Creating a model that accurately recognizes various writing components, including thesis statements, claims, and supporting evidence.

Data Preparation and Preprocessing

The project uses a Python script to preprocess training data from a CSV file. The data contains essays or written texts with annotations for different writing components, such as Leads, Positions, Claims, Evidence, Concluding Statements, Counterclaims, and Rebuttals. The script tokenizes the text data using the Longformer tokenizer, creating token arrays for input and attention masks.

Model Architecture

The model architecture consists of a deep learning model with an attention mechanism. It utilizes a pre-trained transformer model (Longformer) as a backbone and adds additional dense layers for classification. The model is designed to predict the presence of various writing components within the input text.

Training and Evaluation

The model is trained using categorical cross-entropy loss and evaluated using categorical accuracy metrics. The validation dataset is used to assess the model's performance on recognizing different writing components. Evaluation metrics, including precision scores, are provided for each writing component category.

Results and Conclusion

The project's results indicate the model's performance on different writing components. The precision scores vary across categories:

  • Highest recognition rates are observed for Lead and Concluding Statement components.
  • Moderate recognition rates are achieved for Position, Evidence, and Claim components.
  • Lower recognition rates are observed for Counterclaim and Rebuttal components.
  • The overall model performance, as measured by precision across all components, is around 63.4%.

Usage

Data Preparation:

  1. Place the CSV file containing annotated essays in the appropriate directory.
  2. Ensure that the CSV file is formatted with the necessary columns for text data and annotated components.

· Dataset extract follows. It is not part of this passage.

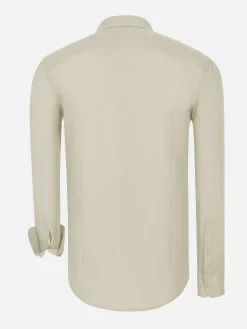 Wam Denim Overhemd Lange Mouwen|Leira Solid Off White Overhemd Lange Mouw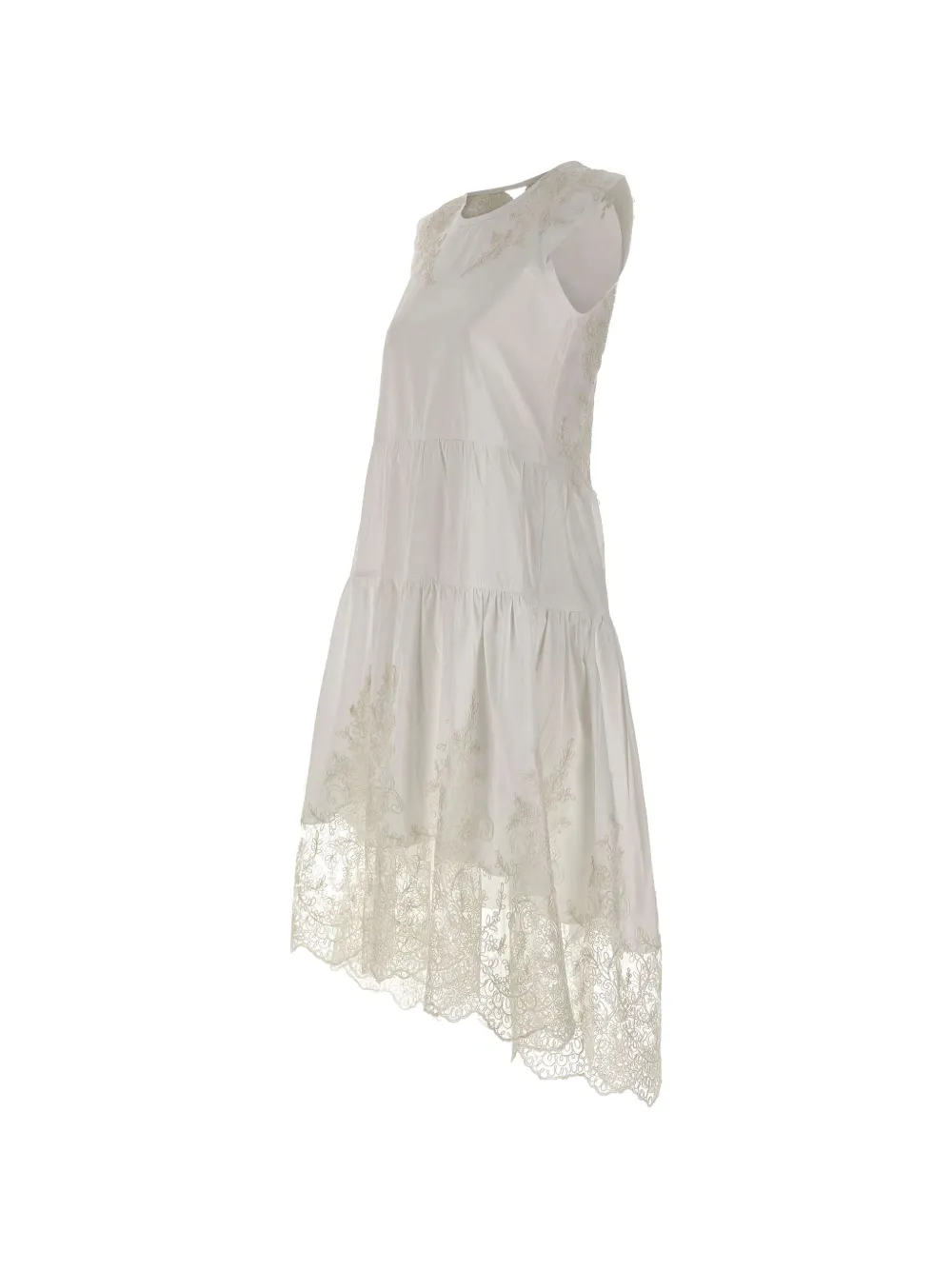 MAURIZIO MYKONOS lace-insert Ruffled Midi Dress | White | FARFETCH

Tokenization and Preprocessing:

  1. Run the provided code snippet to preprocess training data and tokenize text.
  2. Generate binary arrays indicating the presence of different writing components.

Model Training:

  1. Utilize the provided code to build and train the deep learning model using the Longformer architecture.
  2. Monitor training progress and evaluate the model using validation data.

Evaluation and Results:

Evaluation Process For each sample in the dataset:

  1. All ground truth and prediction instances associated with a particular class are compared.
  2. The overlap between the ground truth and prediction is measured. An overlap is considered to occur when the shared portion of word indices is equal to or exceeds a threshold of 0.5.
  3. Additionally, the overlap between the prediction and the ground truth is computed using the same threshold of 0.5.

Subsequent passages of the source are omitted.